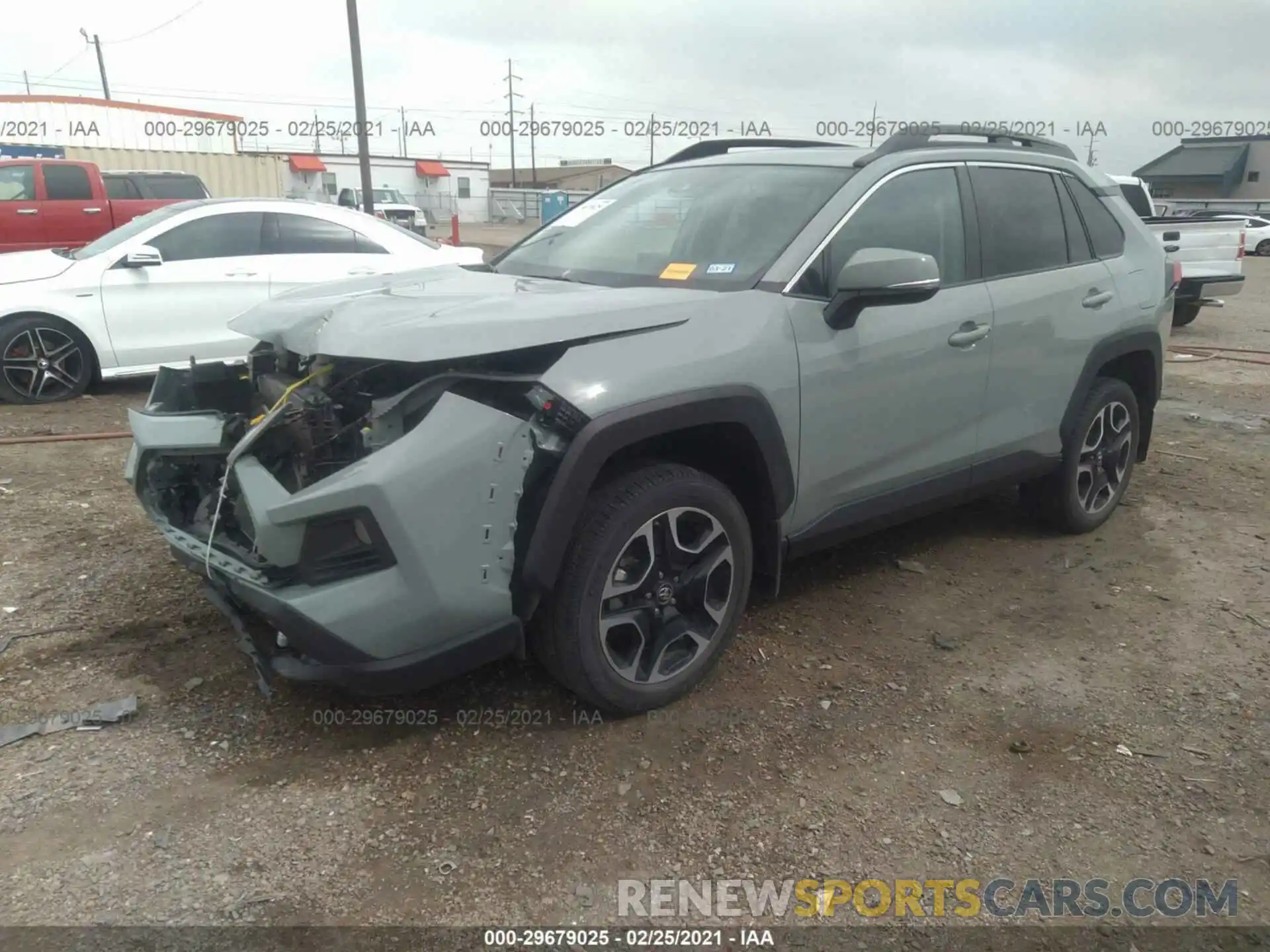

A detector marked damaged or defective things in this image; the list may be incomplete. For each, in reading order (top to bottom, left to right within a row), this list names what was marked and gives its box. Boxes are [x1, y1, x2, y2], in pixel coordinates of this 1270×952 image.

crumpled hood [0, 250, 76, 286]
crumpled hood [227, 266, 716, 363]
damaged gray suv [126, 130, 1168, 715]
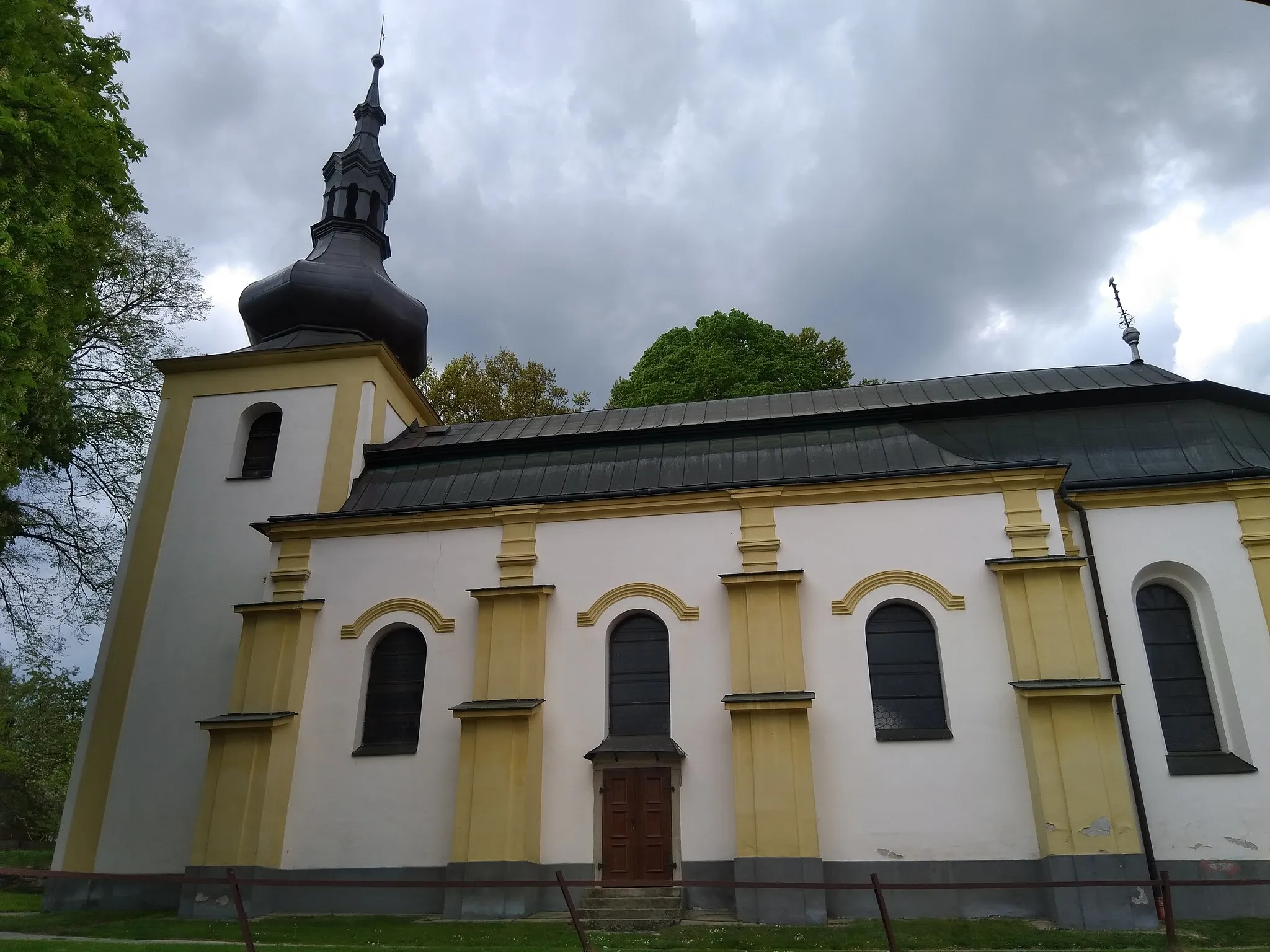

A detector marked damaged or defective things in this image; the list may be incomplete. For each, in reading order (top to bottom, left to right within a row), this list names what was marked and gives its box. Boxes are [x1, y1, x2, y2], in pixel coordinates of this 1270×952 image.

rusty fence post [226, 868, 255, 952]
rusty fence post [559, 873, 592, 952]
rusty fence post [868, 878, 899, 952]
rusty fence post [1163, 878, 1178, 949]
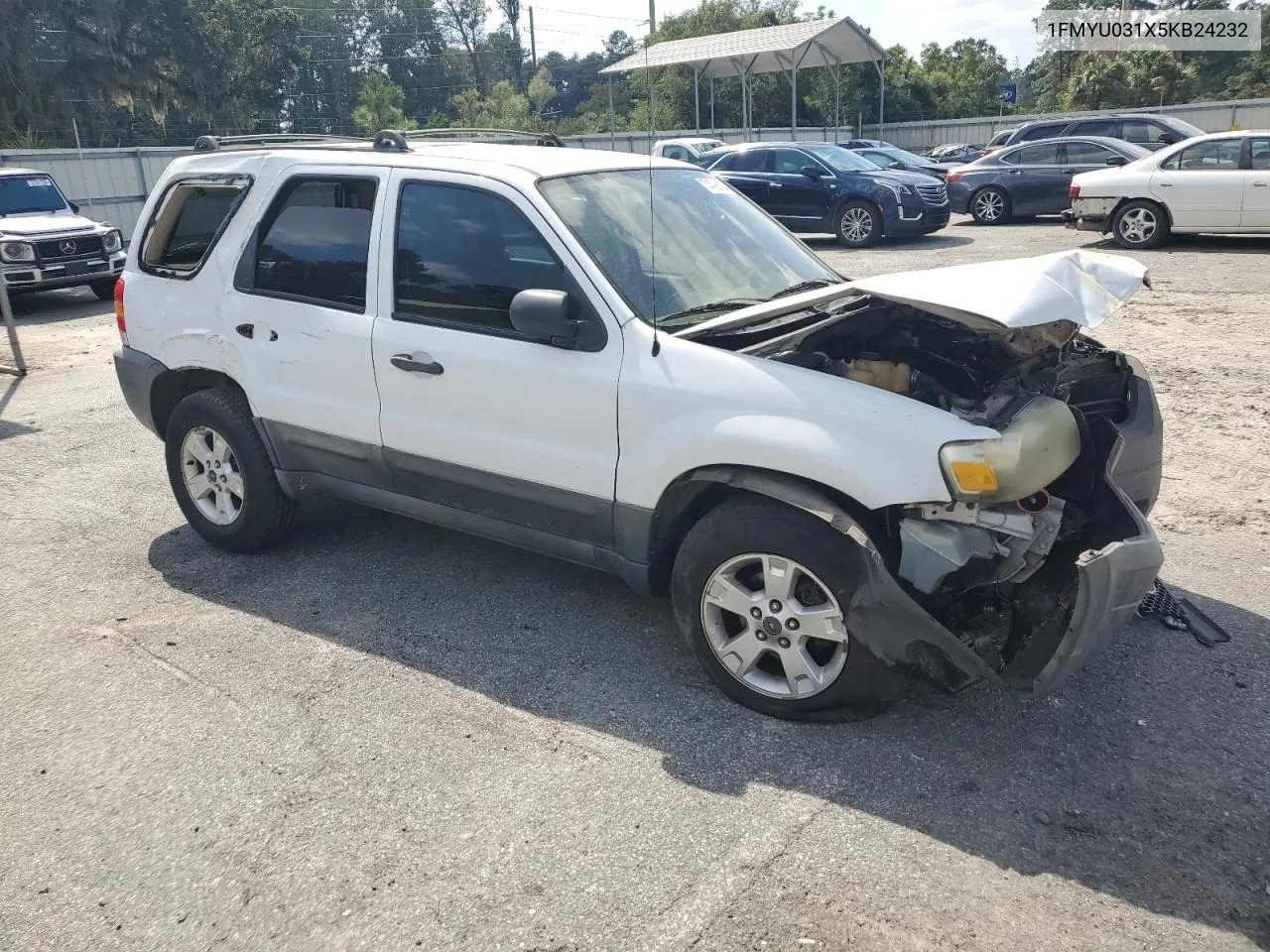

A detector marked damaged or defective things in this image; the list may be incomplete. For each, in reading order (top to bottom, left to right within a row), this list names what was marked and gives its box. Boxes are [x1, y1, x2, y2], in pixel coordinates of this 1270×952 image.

crumpled hood [0, 210, 103, 238]
detached front bumper [2, 254, 125, 294]
crumpled hood [675, 250, 1153, 342]
damaged front end [691, 254, 1163, 695]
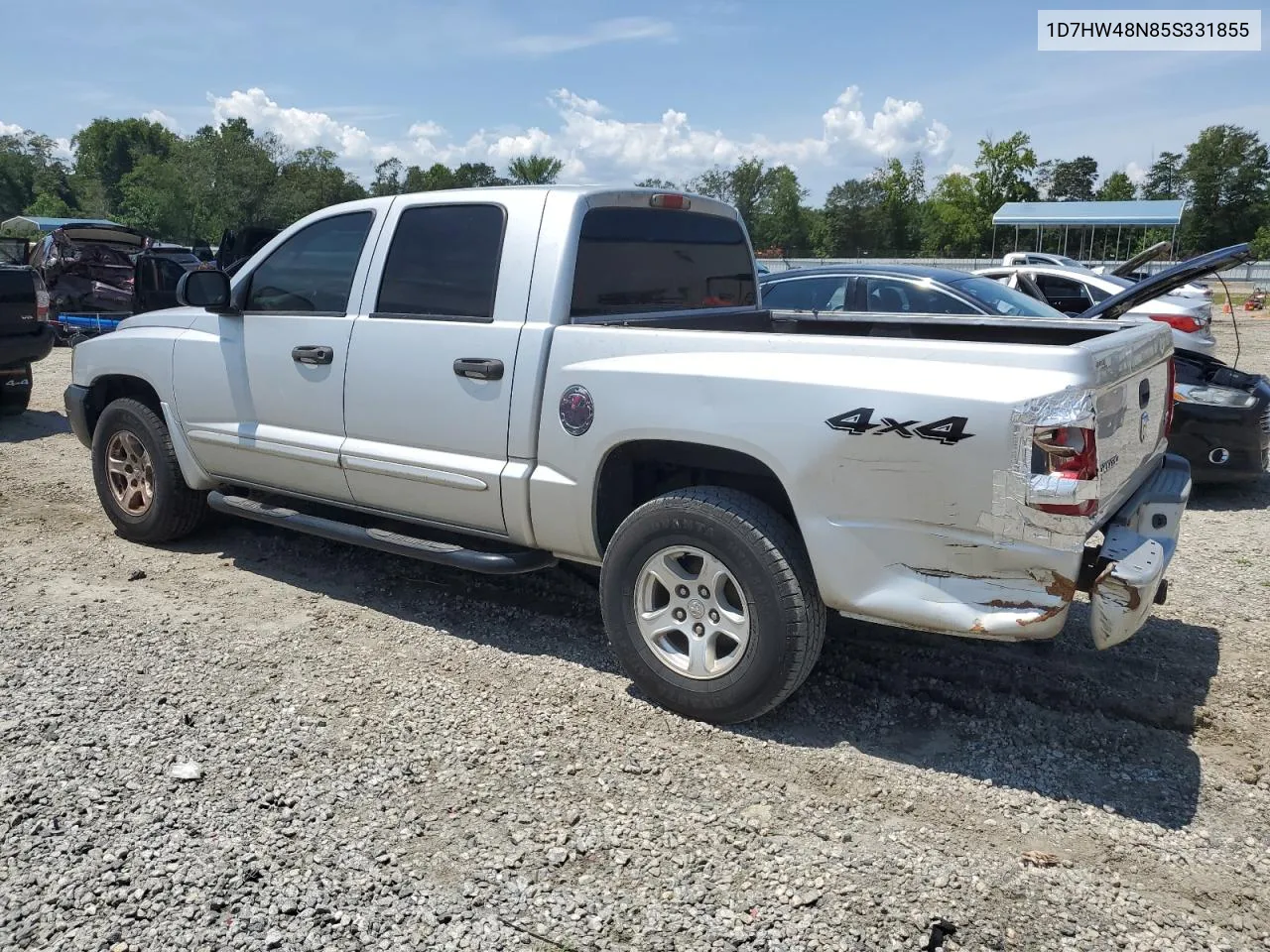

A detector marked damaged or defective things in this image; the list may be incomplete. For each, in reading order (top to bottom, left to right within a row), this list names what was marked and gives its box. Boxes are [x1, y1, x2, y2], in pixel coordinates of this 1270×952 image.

Task to complete: Write all the lines above out again exactly, minus the images.

Response area:
A detector marked damaged or defective things in this image; the list may be incomplete. For each, in reading order (top to bottom, left to right within a row), this list names what was marked and gives its box. Boxes are [x1, y1, x2, y2], in pixel coordinates of this 1270×952 image.

crumpled hood [0, 250, 76, 286]
crumpled hood [227, 266, 716, 363]
damaged gray suv [126, 130, 1168, 715]

A detector marked damaged or defective things in this image; the list may be incomplete. For each, in reading order (top to bottom, left to right within a row), this list names what was marked and gives its box. Boxes are [x1, y1, x2, y2], in pixel coordinates of this 1270×952 image.

rusty fence post [226, 868, 255, 952]
rusty fence post [559, 873, 592, 952]
rusty fence post [868, 878, 899, 952]
rusty fence post [1163, 878, 1178, 949]

A detector marked damaged or defective things in this image; the list may be incomplete. For each, in reading order (top to bottom, left to right within a row), this list names what was marked and gives its box. Boxes are [x1, y1, x2, y2], in pixel coordinates of this 1270×952 image.

crumpled hood [0, 210, 103, 238]
detached front bumper [2, 254, 125, 294]
crumpled hood [675, 250, 1153, 342]
damaged front end [691, 254, 1163, 695]

A detector marked damaged or defective things in this image; the list may be incomplete. For each, in reading order (top to bottom, left to right within a row), this list names what was marked and gives its box. Boxes are [x1, y1, x2, y2], in pixel coordinates of this 1270×952 image.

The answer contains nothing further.